This is what you may not have noticed: Azure is the analogous step on servers. With Azure, Microsoft can deliver IT infrastructure to mid-market and enterprise companies, without the  dependence on OEM partners, nor on the ecosystem that surrounds the phenomenon of OEM hardware installation – the networking and cabling companies, the storage vendors, the management software vendors and so on.

Just as Surface means Microsoft is no longer relying upon HP or Acer to manufacture and market cool personal hardware, and the rumored Microsoft handset would mean that Microsoft won’t be beholden to Nokia and HTC, Azure means Microsoft will not need to rely on Dell or HP or IBM to produce and install server hardware.

That is a big change for a company that was built on a strategy of partnering with hardware vendors. But times are different now. Microsoft is no longer purely software. In fact it is outgrowing its name, just as “International Business Machines” as a name has lost its meaning for a company that brings in 57% of its revenue through services. But while this is a big step, it’s not an a black-and-white thing. Microsoft maintains relationships with OEMs, for PCs, laptops, mobile devices and servers, and that will continue.  Surface and Azure are just one step away from purity of that model.

Microsoft’s Azure,  and Amazon’s AWS too, presents the opportunity for companies to completely avoid huge chunks of capital cost associated to IT projects; companies can  pay a reasonable monthly fee for service, rather than undertaking a big investment and contracting with 4 or 5 different vendors for installation. That’s a big change.
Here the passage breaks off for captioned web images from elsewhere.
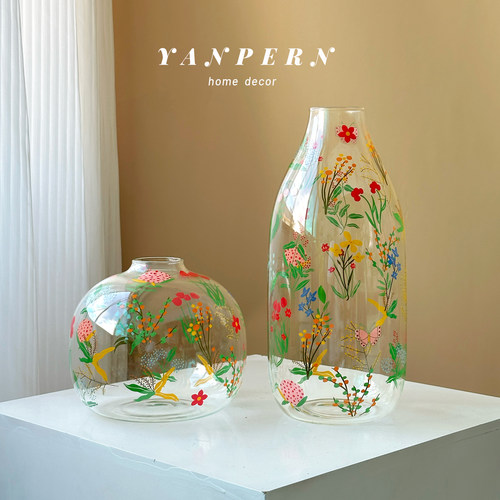 创意印花透明玻璃花瓶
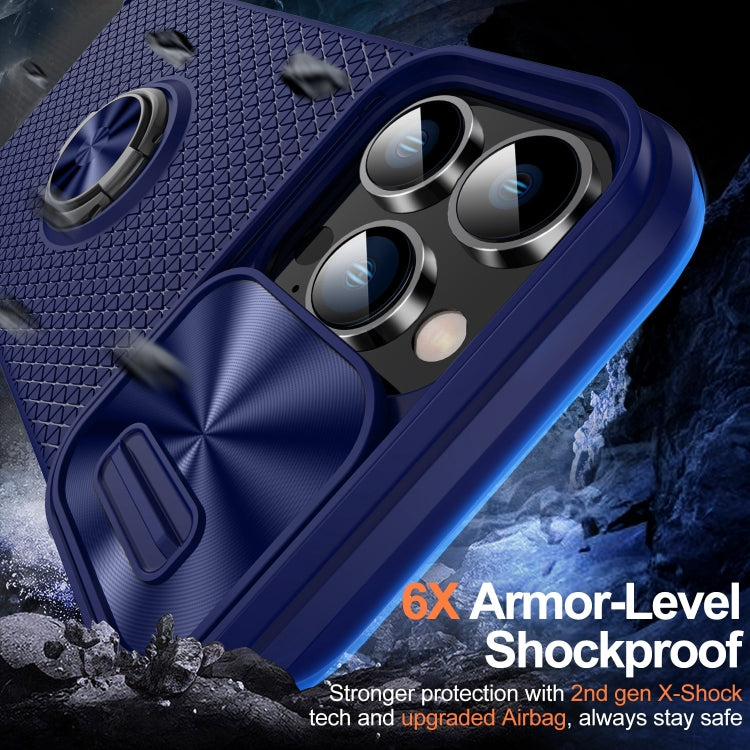 For iPhone 13 Pro Sliding Camshield Armor Phone Case with Ring Holder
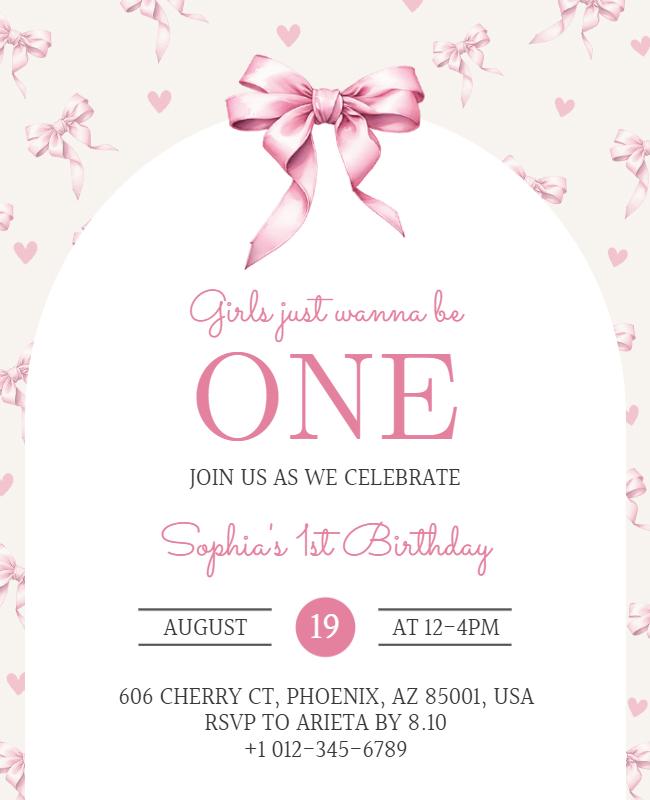 Playful Pink Heart-Themed First Birthday Celebration Poster Template
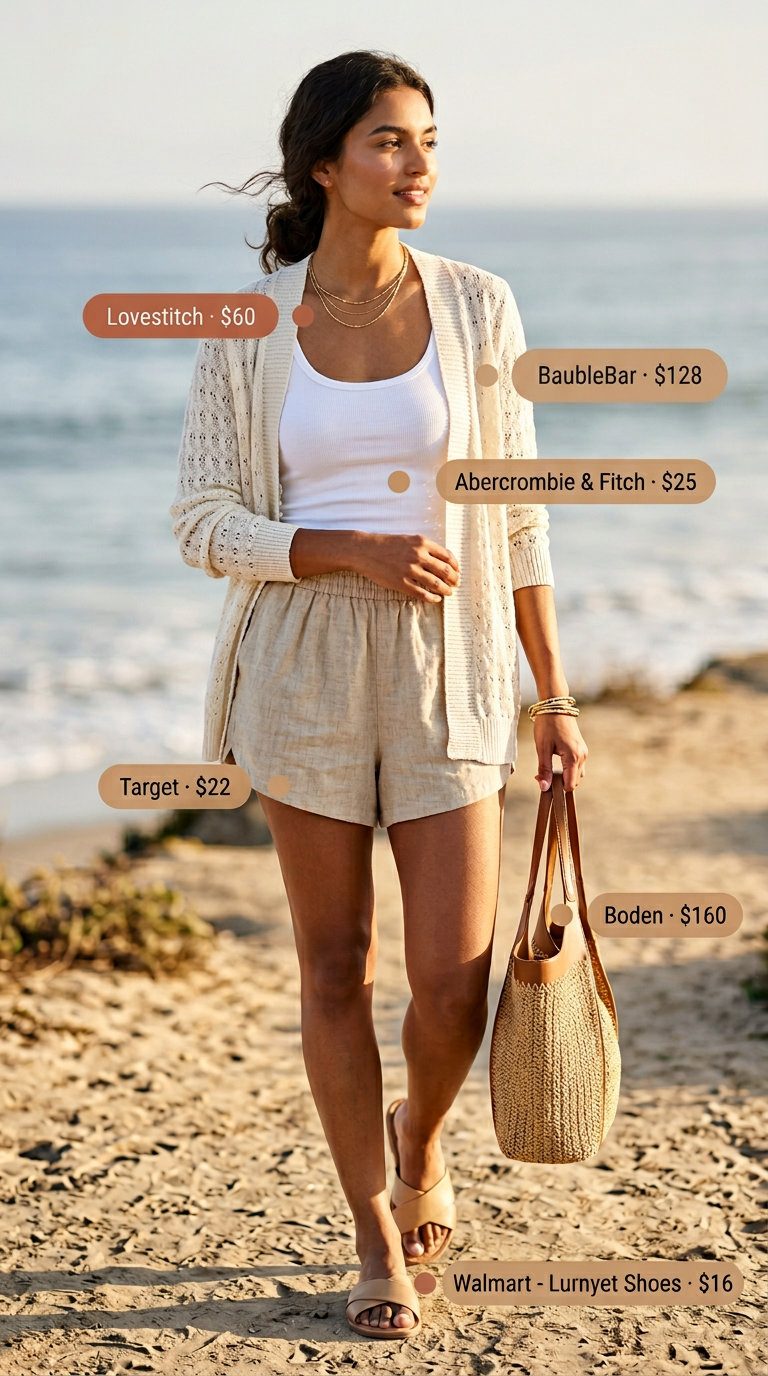 Casual beach town outfit with linen shorts, tank, and longline cardigan. Lightweight summer cardigan outfits for women 2026.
Very enticing for a startup, or a small SaaS company.

Mark Russinovich #TechEd on Windows Azure VM hosting and Virtual Networking

A video of his one-hour presentation with slides + demo.

Originally Windows Azure was a Platform-as-a-Service offering; a cloud-hosted platform. This was a new platform, something like Windows Server, but not Windows Server. There was a new application model, a new set of constraints. With the recent announcement, Microsoft has committed to running arbitrary VMs. This is a big shift towards what people in the industry call Infrastructure-as-a-Service.

Russinovich said this with a straight face:

One of the things that we quickly realized as people started to use the [Azure] platform is that they had lots of existing apps and components that they wanted to bring onto the platform…

It sure seems to me that Russinovich has put some spin into that statement.  It’s not the case that Microsoft “realized” customers would want VM hosting.  Microsoft knew very well that customers,  enterprises in particular, would feel confidence in a Microsoft OS hosting service, and would want to evaluate such an offering as a re-deployment target for existing systems.

This would obviously be disruptive, both to Microsoft partners (specifically hosting companies) and to Microsoft’s existing software licensing business.  It’s not that Microsoft “realized” that people would want to host arbitrary VMs. They knew it all along, but delayed offering it to allow time for the partners and its own businesses to catch up.

Aside from that rotational verbiage, Russinovich gives a good overview of some of the new VM features, how they work and how to exploit them.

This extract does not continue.